Further to Assignment 4 in our study of "How to Read a Symphony Like a Good Book," we come to yet another symphony with a nickname: Beethoven's Sixth Symphony in F, also known as the "Pastoral Symphony." It is well-known to millions of fans of the Disney animated film Fantasia, where it accompanies an episode featuring unicorns, satyrs, and the like. This is appropriate imagery for a work inspired by Beethoven's love of the countryside. The word "pastoral" suggests shepherds sitting on a grassy hillside, watching their sheep wandering up and down the valley, perhaps dancing while one of them plays a hand-carved flute, etc.
"Recollections of Country Life" was another title Beethoven gave the symphony at its 1808 premiere. Each of the five movements also has a title related to this theme: "Awakening of cheerful feelings on arriving in the country" ... "Scene by the stream" ... "Happy gathering of country folk" ... "Storm & tempest" ... "Shepherd song: joyful and thankful feelings after the storm." These titles, apt to be printed in a concert programme, supply the listener with a sketchy storyline to think about during the music. It's a concept known as programme music. There are no lyrics, no precise dramatic outline; but, influenced by the suggestion of the written programme, our minds conjure images and events to go with the symphony's themes and musical events.
Here is Herbert von Karajan conducting this entire symphony with, probably, the Berlin Philharmonic.The opening sonata movement is marked Allegro ma non troppo (fast but not too fast). Note the clever little imitation bird calls that decorate it. Can you imagine a more gracious, gentle, happy piece of music? What you may be too enchanted to notice is the groundbreaking techniques of "cellular" motivic development Beethoven used throughout this movement, endlessly repeating several short ideas in different combinations. The effect seems to parallel the organic growth and variety of nature itself.
Movement II, Andante molto mosso (a very brisk walking pace), is another sonata, this time in the key of B-flat. It depicts an idyllic walk along a bubbling stream. The effect of flowing water is achieved by two musicians playing muted cellos, while the rest of the cellists lay down a bass line of plucked strings. Listen for the tender bassoon solo at about 11:40 in the video above, introducing an open-hearted codetta theme. Also note the increasing use of the woodwinds to imitate birdcalls, culminating in a remarkable cadenza passage (video 19:40) in which flute, oboe, and clarinet soloists impersonate the nightingale, quail, and cuckoo.

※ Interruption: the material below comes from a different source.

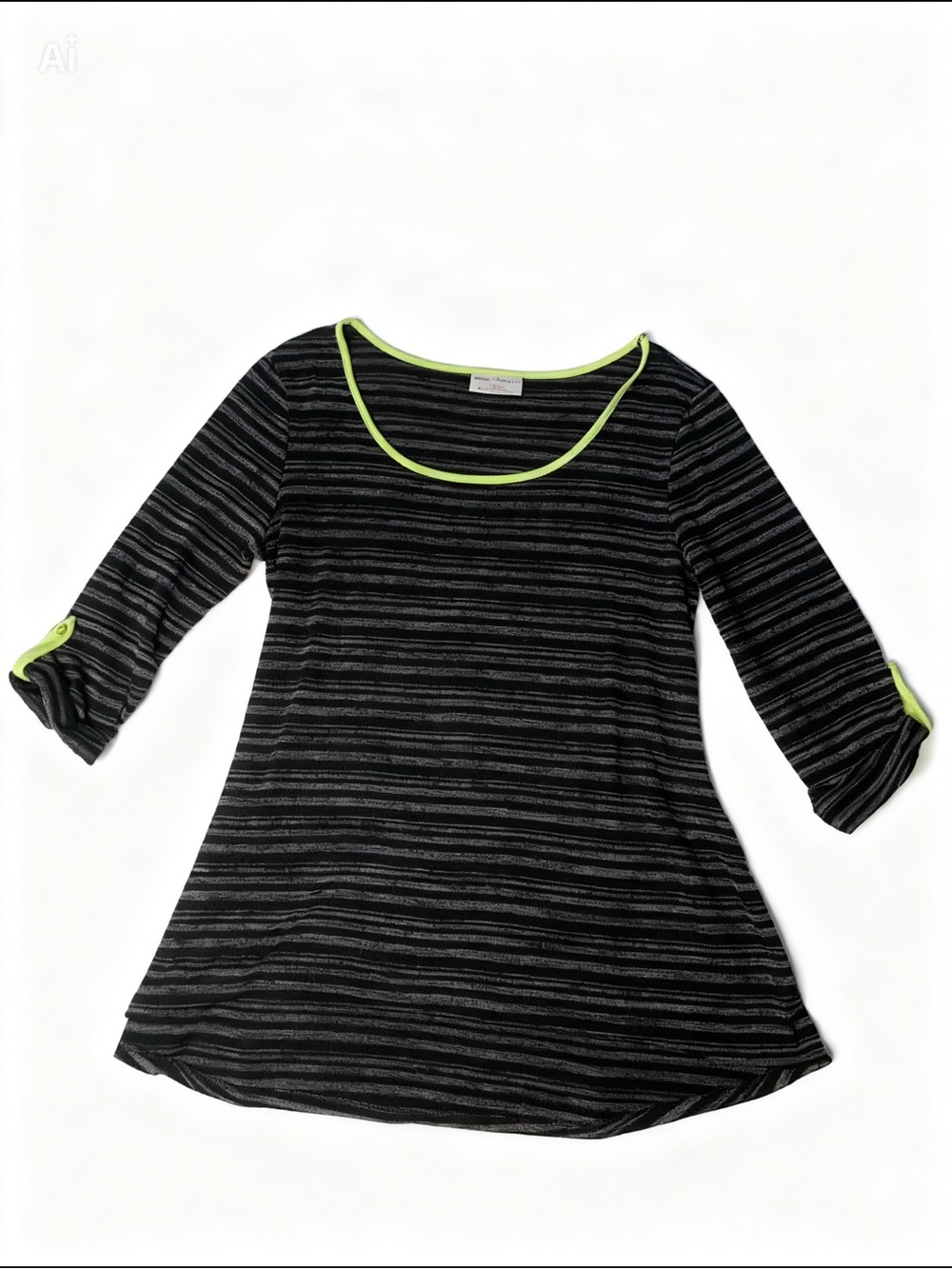 Bobbie Brooks Black & Grey Striped Scoop Neck Tunic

Movement III, Allegro, is a Scherzo in F. It is an unusual structure for a Scherzo, however. First off, the Trio comes back for a second time. (Karajan & Co. omit the repeat.) Plus, both times, it is preempted by a faster passage in a contrasting meter, changing a dance of bucolic gentlefolk into a coarse peasant dance. On its last return, the Scherzo is interrupted by the approaching storm.

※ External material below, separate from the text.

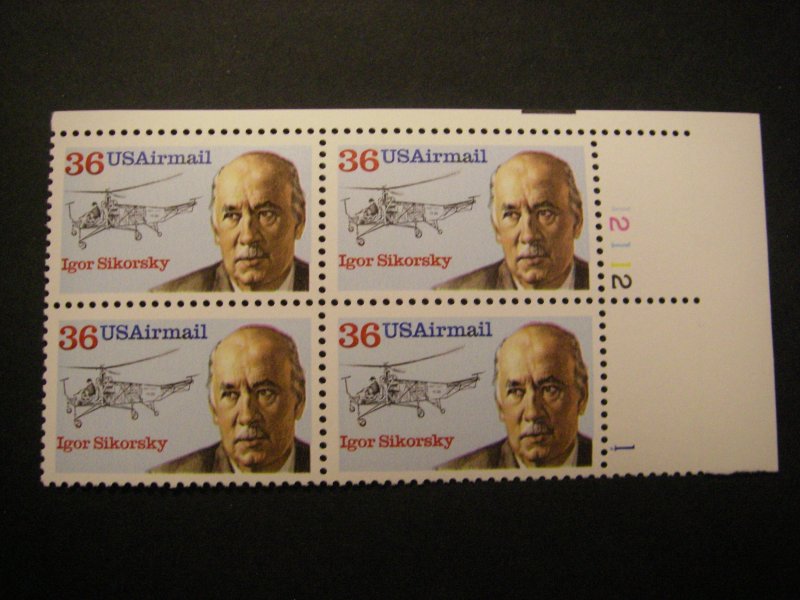 Scott C119, 36c Igor Sikorsky, PB4 #12112 1 UR, MNH Airmail Beauty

Movement IV follows without a break, with distant thunder growing into a tempest of seemingly unstoppable fury. Beethoven saved the piccolo, trombones, and timpani for this passage. The storm soon abates, flowing seamlessly into the finale with its chorale-like shepherds' song of joy and thanks. The movement is a "sonata rondo," such that the first theme serves both as a refrain (set off by contrasting episodes) and as the subject of a sonata (with the first episode ending on the dominant, the second modulating through several keys, and the third recapping the first episode in the tonic key of F). The movement climaxes in the ecstasy of its relatively long coda before ending peacefully except for, or perhaps in spite of, two loud final chords.

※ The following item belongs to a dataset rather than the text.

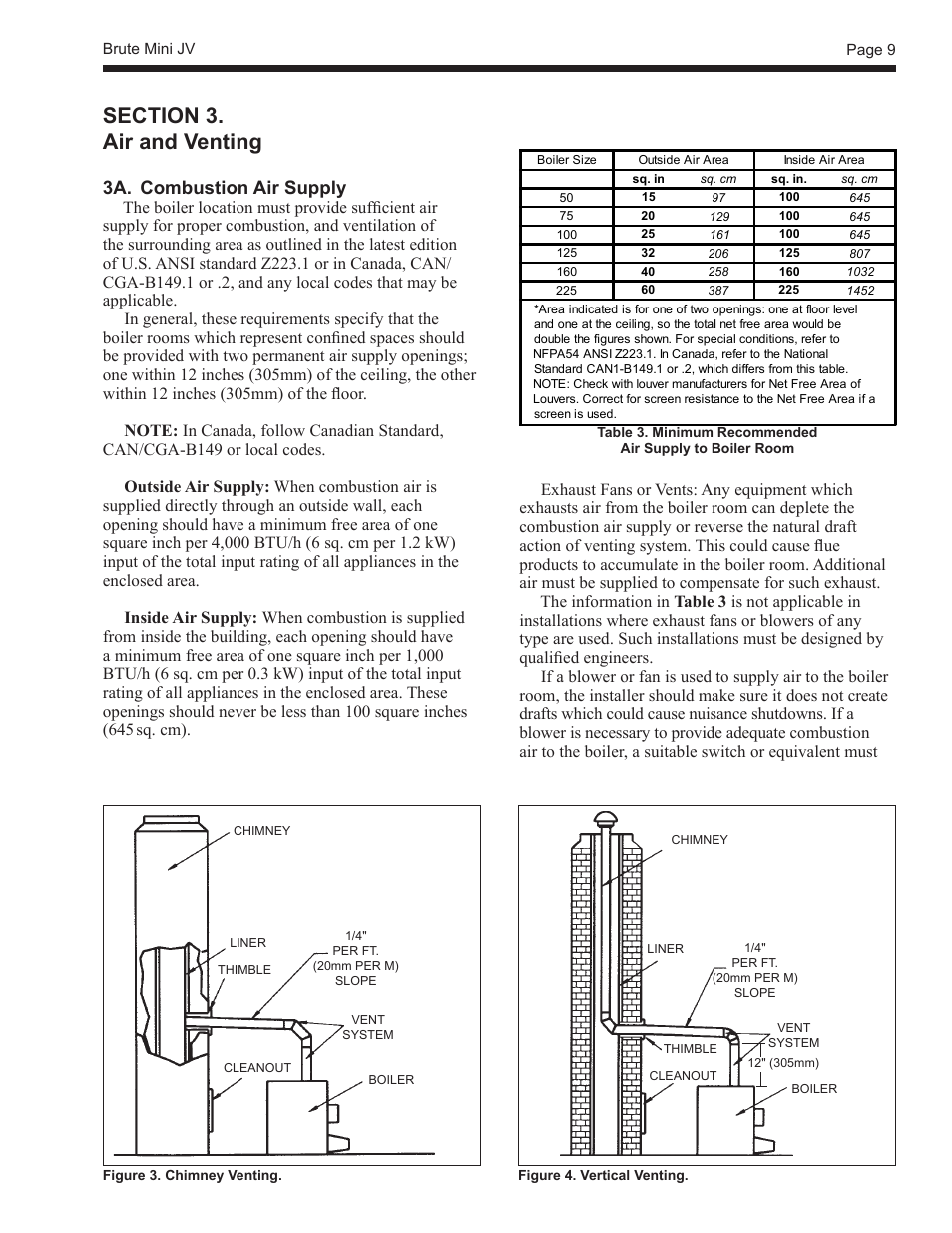 3a. combustion air supply | Bradford White BJVS225 User Manual | Page 9 / 40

Next to Beethoven's Fifth, which was written at the same time and premiered at the same concert, the Sixth may seem pale and weak. It certainly did to that first audience in December 1808. But on its own terms, separated from the immediate presence of the Fifth Symphony, it is a lovely peace of music, filled with warmth, good humor, natural charm, and an undeniably peaceful outlook -- the fourth movement's thunderstorm notwithstanding. It's healthy, sunny, outdoorsy music that does the spirit good, and it shows a side of Beethoven's character without which he could not have lived to create so many emotionally turbulent masterpieces.